What Good Is Having a Lucky Horesshoe Anyway?



 
April 21, 2013

Today I am 192.6 pounds of rolling thunder.

Author Josh Stern connected with me recently on Twitter. You've got to like a guy whose wit and wisdom is encapsulated in a thought like, "In a scam or be scammed world, the best that can be hoped for is to land on top a little more than hitting rock bottom. But what good is having a lucky horseshoe up your butt when the horse is still attached?"

 All this harkens back to the old notion that sometimes you eat the bear, and sometimes he eats you.

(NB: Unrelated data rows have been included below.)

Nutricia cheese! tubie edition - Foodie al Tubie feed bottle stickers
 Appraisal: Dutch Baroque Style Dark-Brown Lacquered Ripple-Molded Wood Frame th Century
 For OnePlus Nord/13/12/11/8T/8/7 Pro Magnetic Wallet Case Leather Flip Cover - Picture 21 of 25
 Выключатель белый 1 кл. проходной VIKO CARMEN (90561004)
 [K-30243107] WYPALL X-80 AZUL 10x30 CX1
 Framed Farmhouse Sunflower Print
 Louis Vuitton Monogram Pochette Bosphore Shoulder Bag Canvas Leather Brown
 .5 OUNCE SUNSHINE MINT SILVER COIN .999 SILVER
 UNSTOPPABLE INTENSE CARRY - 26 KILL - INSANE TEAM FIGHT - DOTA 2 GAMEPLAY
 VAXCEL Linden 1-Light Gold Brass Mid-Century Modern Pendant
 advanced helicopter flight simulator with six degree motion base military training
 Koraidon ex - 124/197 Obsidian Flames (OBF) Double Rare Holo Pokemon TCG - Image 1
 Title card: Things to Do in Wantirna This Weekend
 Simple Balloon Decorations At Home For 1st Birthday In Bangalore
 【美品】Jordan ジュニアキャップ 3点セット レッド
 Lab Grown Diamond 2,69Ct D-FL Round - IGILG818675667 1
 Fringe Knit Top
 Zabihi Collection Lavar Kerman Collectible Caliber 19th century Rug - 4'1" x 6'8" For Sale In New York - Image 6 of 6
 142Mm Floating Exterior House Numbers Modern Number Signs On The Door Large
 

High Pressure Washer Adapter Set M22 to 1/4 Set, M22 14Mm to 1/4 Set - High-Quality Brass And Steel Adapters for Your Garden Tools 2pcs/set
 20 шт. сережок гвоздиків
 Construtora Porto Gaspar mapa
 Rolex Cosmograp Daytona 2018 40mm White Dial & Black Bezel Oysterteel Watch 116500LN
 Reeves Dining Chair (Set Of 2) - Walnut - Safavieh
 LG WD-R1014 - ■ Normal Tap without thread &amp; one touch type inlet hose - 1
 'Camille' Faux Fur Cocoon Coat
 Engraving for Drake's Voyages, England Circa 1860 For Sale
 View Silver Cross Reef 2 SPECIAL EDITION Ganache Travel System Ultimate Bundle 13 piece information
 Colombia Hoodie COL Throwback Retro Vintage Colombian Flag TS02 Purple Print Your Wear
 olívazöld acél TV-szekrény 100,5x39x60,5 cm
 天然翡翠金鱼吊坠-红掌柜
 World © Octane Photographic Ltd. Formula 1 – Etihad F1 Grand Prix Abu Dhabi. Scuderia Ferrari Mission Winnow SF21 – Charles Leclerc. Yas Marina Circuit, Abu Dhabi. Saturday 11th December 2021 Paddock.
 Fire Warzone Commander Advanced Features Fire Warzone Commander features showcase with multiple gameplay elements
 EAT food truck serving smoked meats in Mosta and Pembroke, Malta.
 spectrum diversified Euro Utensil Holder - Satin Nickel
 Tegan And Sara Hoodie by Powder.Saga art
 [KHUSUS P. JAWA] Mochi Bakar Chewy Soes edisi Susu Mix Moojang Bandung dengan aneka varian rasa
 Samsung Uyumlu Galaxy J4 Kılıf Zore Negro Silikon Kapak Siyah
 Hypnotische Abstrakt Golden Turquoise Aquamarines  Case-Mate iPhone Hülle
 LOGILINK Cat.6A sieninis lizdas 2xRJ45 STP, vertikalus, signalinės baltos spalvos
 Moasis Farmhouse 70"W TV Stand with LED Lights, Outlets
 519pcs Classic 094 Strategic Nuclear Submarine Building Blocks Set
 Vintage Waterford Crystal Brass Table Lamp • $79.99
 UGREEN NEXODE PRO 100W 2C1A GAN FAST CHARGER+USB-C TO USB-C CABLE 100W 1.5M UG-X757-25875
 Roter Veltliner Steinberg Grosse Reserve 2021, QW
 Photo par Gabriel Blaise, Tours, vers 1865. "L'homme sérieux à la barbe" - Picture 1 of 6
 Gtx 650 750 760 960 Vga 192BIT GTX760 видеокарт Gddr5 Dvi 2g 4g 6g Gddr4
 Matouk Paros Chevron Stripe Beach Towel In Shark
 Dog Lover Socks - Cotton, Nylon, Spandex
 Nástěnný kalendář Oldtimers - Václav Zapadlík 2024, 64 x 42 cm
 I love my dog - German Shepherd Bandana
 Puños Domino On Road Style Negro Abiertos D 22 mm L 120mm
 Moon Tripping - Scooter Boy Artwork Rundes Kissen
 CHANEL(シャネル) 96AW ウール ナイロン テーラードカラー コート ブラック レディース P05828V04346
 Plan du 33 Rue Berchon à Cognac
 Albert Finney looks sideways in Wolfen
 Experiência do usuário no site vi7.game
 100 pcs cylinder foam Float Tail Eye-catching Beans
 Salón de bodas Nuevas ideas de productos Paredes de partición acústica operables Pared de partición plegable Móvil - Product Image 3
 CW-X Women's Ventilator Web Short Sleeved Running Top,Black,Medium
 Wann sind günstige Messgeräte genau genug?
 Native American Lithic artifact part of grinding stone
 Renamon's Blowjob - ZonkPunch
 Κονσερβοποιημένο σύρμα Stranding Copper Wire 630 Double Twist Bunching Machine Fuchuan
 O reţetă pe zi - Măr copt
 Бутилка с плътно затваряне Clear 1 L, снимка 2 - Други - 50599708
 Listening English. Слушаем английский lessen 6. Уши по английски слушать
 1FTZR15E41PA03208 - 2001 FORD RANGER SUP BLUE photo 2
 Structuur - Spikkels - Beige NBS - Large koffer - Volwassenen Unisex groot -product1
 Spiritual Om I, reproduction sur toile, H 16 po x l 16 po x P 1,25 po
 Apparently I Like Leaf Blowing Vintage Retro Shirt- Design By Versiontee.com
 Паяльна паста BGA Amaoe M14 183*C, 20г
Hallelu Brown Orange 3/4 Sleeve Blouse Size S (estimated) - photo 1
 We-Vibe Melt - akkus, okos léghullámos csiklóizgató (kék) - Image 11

Yesterday for the first time in a long time, I ate the bear. I hit the streets and only took one walking break along my 5-mile route -- and even that break was two-thirds of the way up the first big hill.

Yep, I managed -- with the help of some stoplight breaks -- to make it up the steep hill, over numerous short climbs and then up the final big hill that is usually the test of my physical and mental fitness.

 I'd like to be able to say that I push this, pull that or stretch something and then the light turns green, and I am able to run without pause. If that were the case, I could bottle and sell the formula to all of us couch to 5K heroes.

But alas, this is not the case.

For all I know this has as much to do with getting back out on the streets as it does having a lucky horseshoe -- horse optional -- located somewhere in my nether-regions.

What I do know is there is something profoundly satisfying in cresting a hill, regardless of how slight the rise, and being able to flow back down on the other side without feeling a winded tightness in my chest or a stride-breaking fatigue in my legs.

The other thing I know is that I'm going to accept the day's run with graciousness and hope. Sometimes it feels like you'll never make a weight goal, or a distance goal and then you surprise yourself. You have to remember these feeling when you fall back, and they will guide you along the path until your next victory, no matter how large or small.

So hopefully today I can run more like I have a spring in my step than a horseshoe, well, you know where.

And if you see the world's slowest human out on the road, give me a wave. I'll be the one without the horse but ready to eat some bear.